Первое заседание нового органа – Межреспубликанского экономического комитета, – которое проводит его председатель И.Силаев, оптимизма в оценке возможностей решить эту проблему не добавляет. Хотя Союз еще формально существует, республики фактически уже абсолютно независимы. Обсуждать вопросы координации бюджетной, денежной политики никто не хочет – это суверенное дело каждой из них. Единственный вопрос, вызывающий по-настоящему практический интерес, – как поделить союзный золотой запас. К информации, что делить почти нечего, отношение скептическое: знаем, не обманете, наверное, припрятали, надо создать комиссию… По большинству остальных вопросов – от цен на энергоносители до раздела Алмазного фонда – образуется широкая коалиция: почти все республики против России. Общее настроение откровеннее других формулирует украинский премьер В.Фокин: союзная собственность на территории его республики, разумеется, принадлежит Украине, а такая же на территории России – всем республикам.

Единственный из республиканских лидеров, на чью поддержку я могу рассчитывать при обсуждении общеэкономических вопросов, – Г.Багратян, тогда первый вице-премьер, впоследствии премьер Армении, убежденный рыночник, мы знакомы еще с восьмидесятых годов по экономическим семинарам. Но у Армении сейчас столько проблем, что эта поддержка, скорее, только моральная.

Наше положение на переговорах осложняется тем, что огромная, еще плохо поддающаяся управлению, не имеющая своих таможен Россия хуже других приспособлена к бартерной торговле. Более "компактные" республики – проворнее, они уже научились напрямую, через голову российских федеральных властей, договариваться с ее регионами. Что с того, что без среднеазиатского хлопка останавливаются ивановские ткацкие фабрики? Кого волнует, что Москва, Санкт-Петербург и Урал сидят без сахара, если Украина на свой сахар может выменять тюменскую нефть? А Узбекистану нужен лес, и он придет из Красноярска в обмен на овощи и фрукты…

Отношение к провозглашенному Россией курсу на экономические реформы двойственное. Премьеры понимают, что либерализация цен неизбежна.
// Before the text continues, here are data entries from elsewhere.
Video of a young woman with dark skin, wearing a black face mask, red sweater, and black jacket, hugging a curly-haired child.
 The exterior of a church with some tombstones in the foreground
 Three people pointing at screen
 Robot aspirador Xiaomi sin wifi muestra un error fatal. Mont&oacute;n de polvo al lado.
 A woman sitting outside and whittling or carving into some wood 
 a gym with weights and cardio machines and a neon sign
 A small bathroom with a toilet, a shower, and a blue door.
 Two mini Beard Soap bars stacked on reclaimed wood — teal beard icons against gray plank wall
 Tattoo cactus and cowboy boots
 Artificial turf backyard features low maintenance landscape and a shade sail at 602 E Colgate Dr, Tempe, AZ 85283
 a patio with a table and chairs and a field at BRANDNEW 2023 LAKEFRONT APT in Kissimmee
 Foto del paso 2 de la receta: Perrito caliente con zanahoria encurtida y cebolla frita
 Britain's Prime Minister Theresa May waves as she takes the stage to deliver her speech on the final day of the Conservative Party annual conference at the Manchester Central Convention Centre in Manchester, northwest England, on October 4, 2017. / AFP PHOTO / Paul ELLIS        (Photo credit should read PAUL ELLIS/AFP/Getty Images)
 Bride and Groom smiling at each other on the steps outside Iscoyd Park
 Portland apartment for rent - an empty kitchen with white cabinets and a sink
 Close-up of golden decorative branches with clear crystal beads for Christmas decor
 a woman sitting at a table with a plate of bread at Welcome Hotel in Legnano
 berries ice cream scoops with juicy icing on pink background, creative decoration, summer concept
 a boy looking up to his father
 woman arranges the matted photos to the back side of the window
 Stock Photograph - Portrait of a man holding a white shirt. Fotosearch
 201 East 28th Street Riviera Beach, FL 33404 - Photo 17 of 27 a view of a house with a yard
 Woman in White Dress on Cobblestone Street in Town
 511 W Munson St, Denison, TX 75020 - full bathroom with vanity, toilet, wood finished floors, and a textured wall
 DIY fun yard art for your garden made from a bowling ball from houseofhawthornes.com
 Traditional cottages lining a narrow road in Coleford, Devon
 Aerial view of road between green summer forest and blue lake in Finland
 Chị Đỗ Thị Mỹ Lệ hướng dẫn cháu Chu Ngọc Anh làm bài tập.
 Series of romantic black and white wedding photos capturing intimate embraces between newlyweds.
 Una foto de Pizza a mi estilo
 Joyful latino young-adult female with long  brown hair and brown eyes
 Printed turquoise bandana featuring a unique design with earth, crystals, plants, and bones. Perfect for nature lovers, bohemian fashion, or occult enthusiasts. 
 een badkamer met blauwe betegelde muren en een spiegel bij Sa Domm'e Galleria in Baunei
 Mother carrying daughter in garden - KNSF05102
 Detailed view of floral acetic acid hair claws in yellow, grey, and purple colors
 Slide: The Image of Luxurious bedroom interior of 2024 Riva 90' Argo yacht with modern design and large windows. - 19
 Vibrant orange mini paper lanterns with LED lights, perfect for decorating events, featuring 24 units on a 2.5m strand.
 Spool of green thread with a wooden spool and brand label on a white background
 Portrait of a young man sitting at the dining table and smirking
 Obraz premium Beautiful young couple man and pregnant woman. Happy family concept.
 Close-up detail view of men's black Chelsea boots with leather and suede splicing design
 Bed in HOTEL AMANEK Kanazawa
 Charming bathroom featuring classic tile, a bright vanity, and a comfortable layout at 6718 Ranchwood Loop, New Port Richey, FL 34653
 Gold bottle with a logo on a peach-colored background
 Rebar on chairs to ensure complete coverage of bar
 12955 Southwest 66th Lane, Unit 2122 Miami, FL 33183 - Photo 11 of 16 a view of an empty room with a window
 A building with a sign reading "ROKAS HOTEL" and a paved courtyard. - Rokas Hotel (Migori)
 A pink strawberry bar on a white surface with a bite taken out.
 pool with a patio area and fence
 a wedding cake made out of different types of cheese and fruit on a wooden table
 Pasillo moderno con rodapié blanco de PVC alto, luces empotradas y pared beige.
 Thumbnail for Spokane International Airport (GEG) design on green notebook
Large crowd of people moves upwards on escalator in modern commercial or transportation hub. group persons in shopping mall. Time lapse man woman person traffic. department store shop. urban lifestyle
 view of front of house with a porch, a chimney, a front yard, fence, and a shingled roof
И вместе с тем, все, за исключением Г.Багратяна, хотят, чтобы всю политическую ответственность за ее проведение в полной мере взяла на себя Россия. Тогда можно будет, вернувшись из Москвы, рассказать недовольным людям, что с такой жесткой, антинародной мерой пришлось смириться скрепя сердце,под российским диктатом.

Нужно признать, что, несмотря на все наши старания, долготерпение и мягкую настойчивость, ни о чем путном договориться на этом совещании не удалось. Разве что показать другим его участникам, что ни о каком разделе собственности на территории России речи быть не может и никакие блоки поколебать ее волю к реформам не в состоянии. Но это слабое утешение. Опасность разрушительного воздействия соседей по рублевой зоне на российскую экономику сохранялась.